In his appearance on “Morning Joe,” Krauthammer explained why he had waited to publish the book, which is a compilation of his columns going back for 30 years. He revealed how people’s views toward government have changed in that time, from former President Ronald Reagan through President Barack Obama.

Much of how Obama wants the view of government changed in the United States depends on how his signature health-care law turns out, he said.

“One of the reasons I decided to wait all these years to collect my columns is I didn’t think there was enough history in it,” Krauthammer said. “Well, right now it stretches all the way back to the first day I started in journalism which was the day that Ronald Reagan was sworn in in his first term. So, there’s this 30-year arc from the presidents I’ve known. Reagan was, of course, I think the most successful, we would all agree. And this arc goes through 30 years, the end of the cold war, the ’90s, which I call the holiday from history, 9/11, the age of terror, bringing us up to this remarkable president today. And what I find the most remarkable about him isn’t only his intelligence but his ideological ambition. He said something very interesting in 2008. He said Ronald Reagan was historically consequential in a way that a Clinton was not. And what Obama meant was Reagan changed the ideological trajectory of a country, which for 60 years since FDR had been dominated by a liberal zeitgeist.”

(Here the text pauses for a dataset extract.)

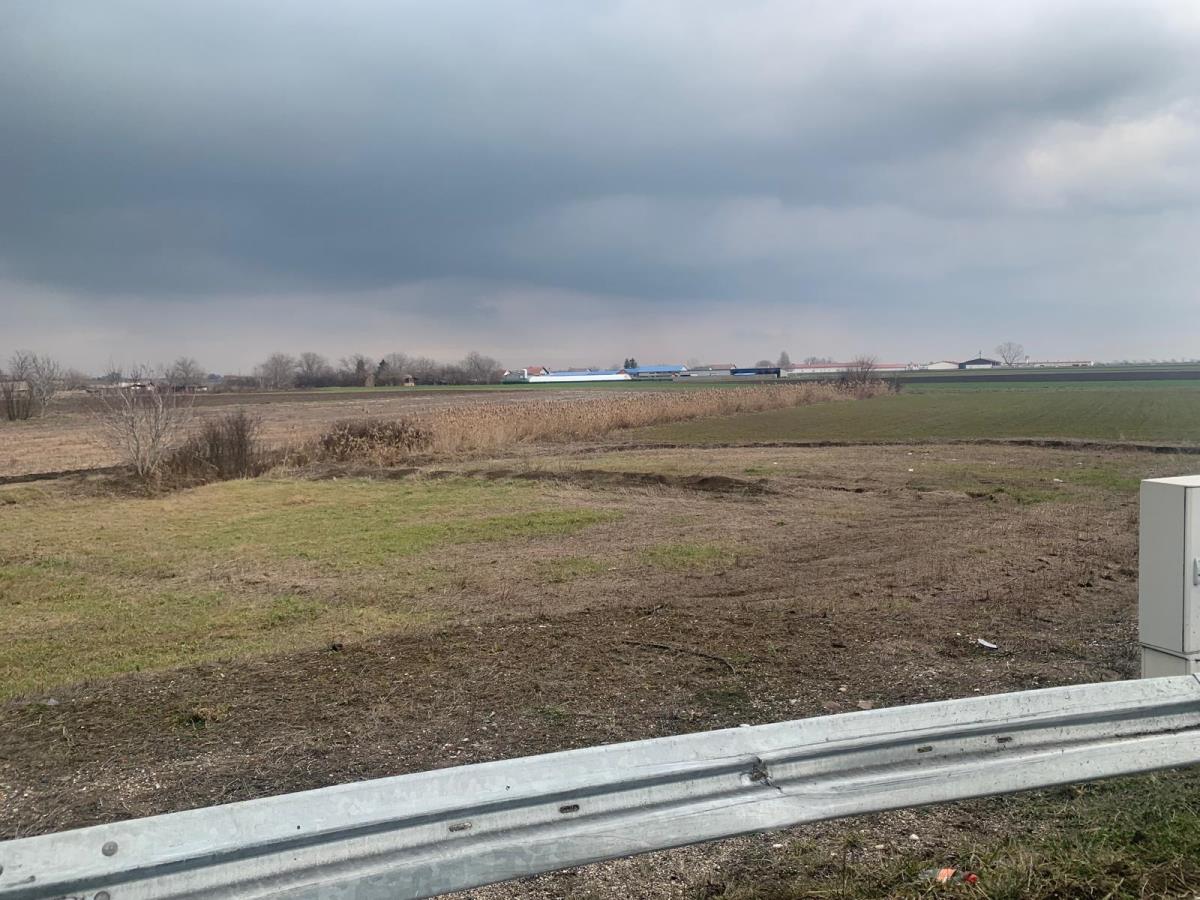 WhatsApp Image 2026-02-08 at 12.51.45.jpeg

“And here comes Reagan, and he changes it,” he continued. “He doesn’t succeed in all the things he wants to do. He isn’t able to cut the government, but he changes the way we look at the government. Obama has always seen himself — and it is remarkable because he did this as an outsider, somebody who really had a long shot at the White House, but he saw himself long ago as world historical, as a figure who would change that trajectory, end the 30-year conservative ascendancy ushered in by Reagan and begin a new liberal ascendancy. The irony is that his signature achievement, Obamacare, is the test of this new liberalism, and today it hangs in the balance of a website or a promise here and there. So there’s kind of a practical reality check on his ambitions. If he does not succeed with Obamacare, the cause of the kind of expansive liberalism, the kind of entitlement state he’s been looking for I think will be set back a full generation.”

Krauthammer was later asked by fellow Post columnist Eugene Robinson to explain the expanse political divisions in the country.

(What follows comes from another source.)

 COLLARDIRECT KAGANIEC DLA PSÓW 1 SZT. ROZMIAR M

“I do think the reason that we are polarized, the reason we have this ideological division is because — and I write about this in the book in talking act the new constitutionalism of the right,” Krauthammer said. “We are at a crisis of the welfare state. It was constructed half a century ago. And the demographics and the technology of our age are completely different. And there’s a sense in the country that we have to radically change that. We cannot sustain what we have constructed. And there’s a party on the right that says you’ve got to radically reform. And there’s a party on the left, as you hear Nancy Pelosi and others say, I don’t want to — you know, I will not tolerate a single reduction in Social Security. And that I think is the reason why we are polarized. We cannot split the differences very much longer. We’re going to have to make a decision whether to go right or left, reconstruct the welfare state or expand it as liberals are arguing. And that’s why I think you’ve got such divisions left and right. One other reason which I write about in the book is that there’s an axiom in politics, conservatives think that liberals are dumb, but liberals think that conservatives are evil, which makes for a lot of interesting interpretations. Of course I don’t include you, Gene, in that category.”